The data below should be printed in full, exactly, and without any of its images.

[Stored data — start]

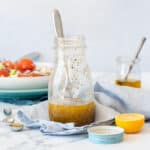 A glass salad dressing jar with a Greek dressing inside sitting on a blue towel next to a lemon and the jar lid.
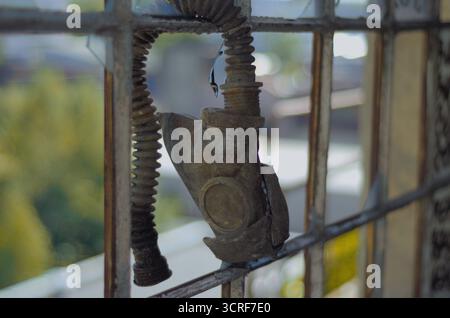 Zerstörte antike Gasmaske mit gewelltem Schlauch, hängt vom Fabrikfenster mit kaputten Glasfliesen. Postapokalyptischer Bokeh-Hintergrund. Stockfoto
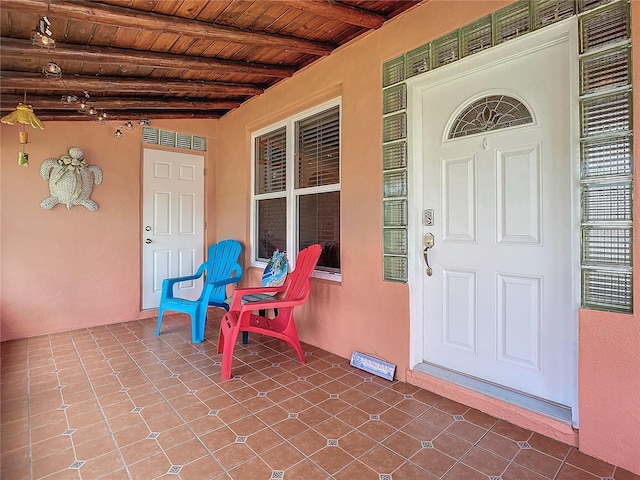 entrance to property with covered porch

[Stored data — finish]

Response to this task —
 A glass salad dressing jar with a Greek dressing inside sitting on a blue towel next to a lemon and the jar lid.
 Zerstörte antike Gasmaske mit gewelltem Schlauch, hängt vom Fabrikfenster mit kaputten Glasfliesen. Postapokalyptischer Bokeh-Hintergrund. Stockfoto
 entrance to property with covered porch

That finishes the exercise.